"The Fed has plenty of credibility, that’s not the problem. The problem is that they are using the credibility to assure investors that low inflation is here to stay. With the right target, there would probably be no need for massive quantitative easing, or other extraordinary policies.
The punch line is that the problem isn’t the Fed’s unwillingness to do enough QE, twists, or cuts in IOR, the problem is the Fed’s inadequate target, just like in Japan."
In other words, the Fed can credibly commit to arbitrary future policies so well that a simple announcement of a new policy path will put the economy on that path without any heavy lifting required.
In other other words, magic!
People, the Fed has no ability to make credible commitment to future policies that might conflict with their period by period preferences!

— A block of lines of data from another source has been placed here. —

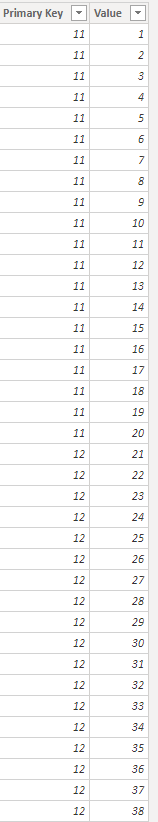 Solved: Comparing the two tables - Microsoft Fabric Community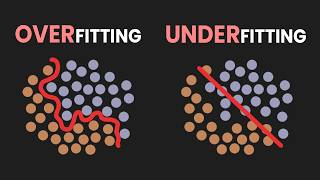 Overfitting and Underfitting | Bias and Variance Tradeoff in Machine Learning | Clearly Explained!
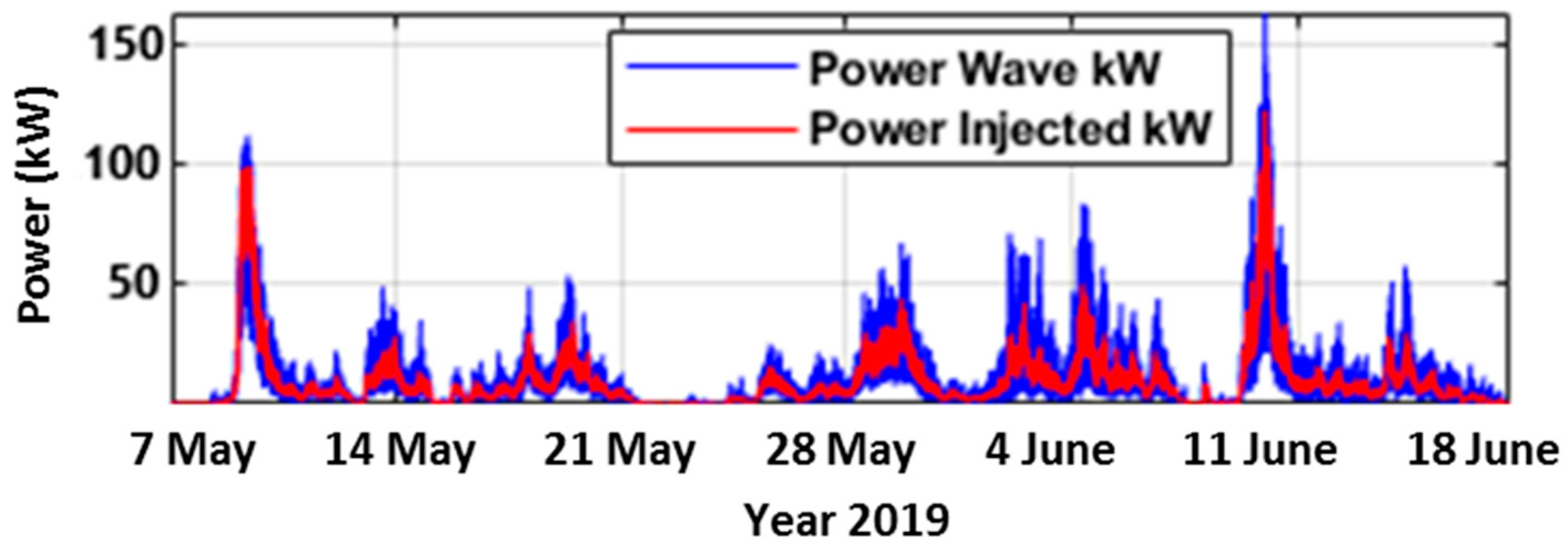 Energies 14 00985 g012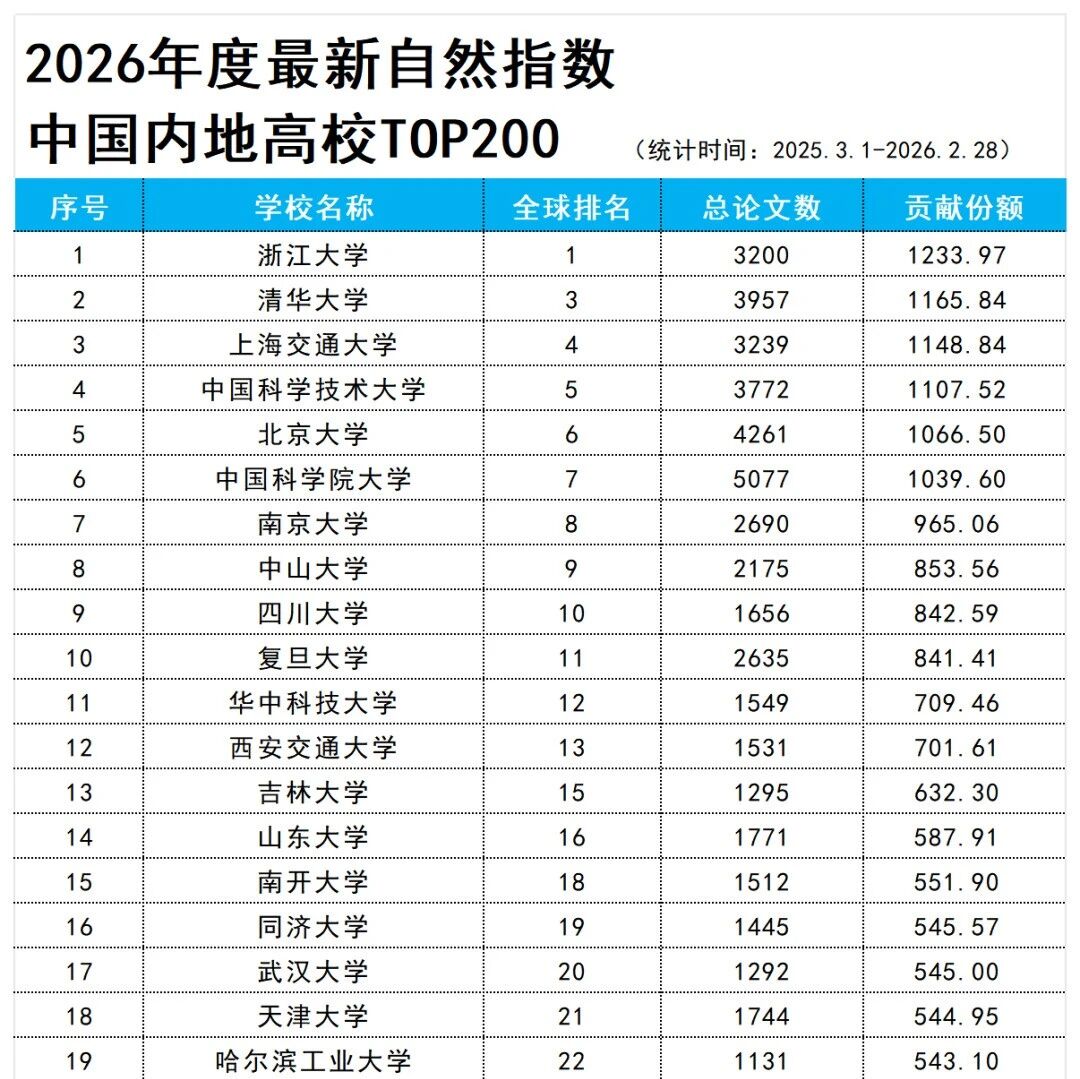 最新！高校自然指数排名TOP200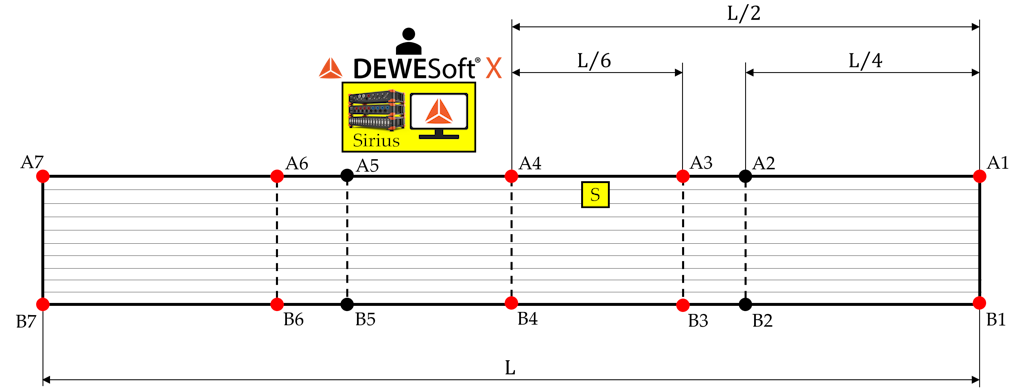 Figure 4. Platform’s conceptual diagram with main direction dimensions, points, and supports.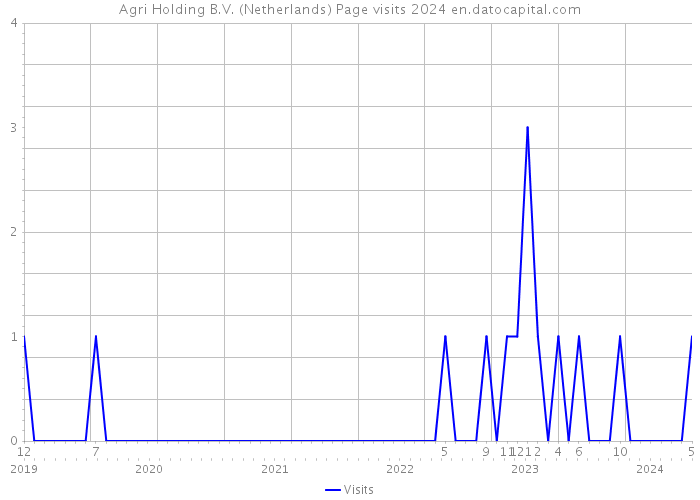 Agri Holding B.V. (Netherlands) Page visits 2024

Read Kydland & Prescott. Read Barro & Gordon. Repeat after me: time inconsistency, time inconsistency, time inconsistency.
All the Fed can do is act each period according to its own preferences (yes it's weird to treat the Fed as a unitary actor given all the dissents we've seen recently, sorry).
Many societies have responded to this dilemma by invoking the Rogoff gambit; we appoint conservative central bankers. They deliver low inflation not because they are following some policy rule or pre-determined path, but because their preference is for low inflation!
The idea that there's a magic bullet out there that solves our economic problems, that the Fed could fix things by putting out a press release with a couple sentences about their plans for future NGDP growth, is wrong and somewhat dangerous.